Emails

I am going back to my ‘secret’ blog, had enough of telling people how I feel. This will have to do.

I didn’t write yesterday. Instead I spent an hour and a half deleting and/or opening over 3,500 emails which hadn’t been opened on my yahoo account. The oldest were from September 2017, which I guess was the last time I had a purge. Which I suppose means that I average about 400 a month that I don’t bother to open – 100 a week, or 14 a day, which sounds about right because I counted how many I got yesterday and it was 15.

I keep unsubscribing from lists, but there are always some where you want to keep getting them because every so often there’s a good offer or something. Like Travelzoo. I bought a special spa deal which I have to take before the end of July but haven’t fixed it up yet.

Mornings are always hard. It’s the time when the self-hate and desperation are really at their peak. I don’t know why that is. I was told by Michael from the School of Philosophy group in Peterborough that whatever you’re thinking/feeling when you fall asleep at night is what you wake up thinking/feeling, so be careful what you think about before you go to sleep. What a load of bollox! If you were trying to control what you were thinking about before you went to sleep, how would you ever get to sleep? And then if/when you wake up in the middle of the night, presumably you again have to control your thoughts before the precise moment you fall back to sleep – whenever that may be! Maybe it works for him, but it certainly doesn’t for me.

I read or heard something recently saying that it helps depressed people if they make a to do list for the next day before they go to sleep – or maybe that’s insomniacs? Whatever, both those apply to me anyway.

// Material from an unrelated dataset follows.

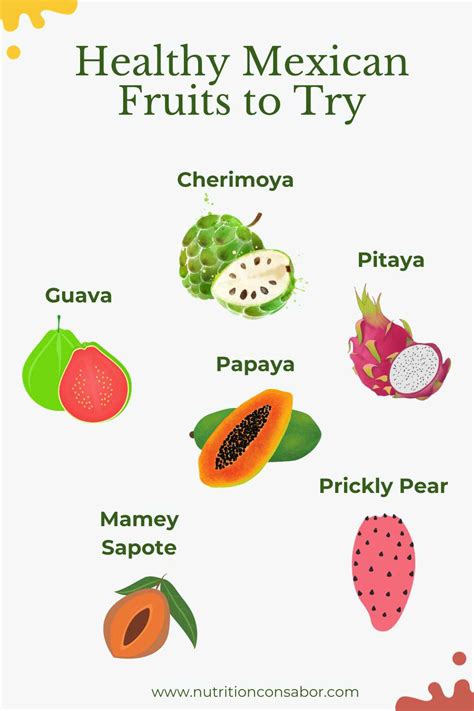 20 Mexican Fruits that are Tasty and Healthy - Nutrition con Sabor ...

My to-do for today: wait in for delivery of yarn that is finally coming (yay!) two weeks after the order – it came yesterday when I was out at lino printing but I didn’t know because the email saying it would arrive between 10 and 12 came at 10.17 and then it was delivered (or not) at 10.39, and I didn’t read either of them till after lino finished at 12.00. It said redelivery would be tried today, but I don’t know if I’ll get an email today and if so how helpful it will be.

Now I’ve got the yahoo sorted out I will have a go at the gmail, which is not so bad, only a couple of hundred. Then I should go into Thunderbird and sort out the damson-tree ones, which are mostly forwarded to gmail. But there is always tons and tons of spam on those. I can’t have them on Outlook because it doesn’t like the servers. But forwarding them to gmail means they’re always duplicated.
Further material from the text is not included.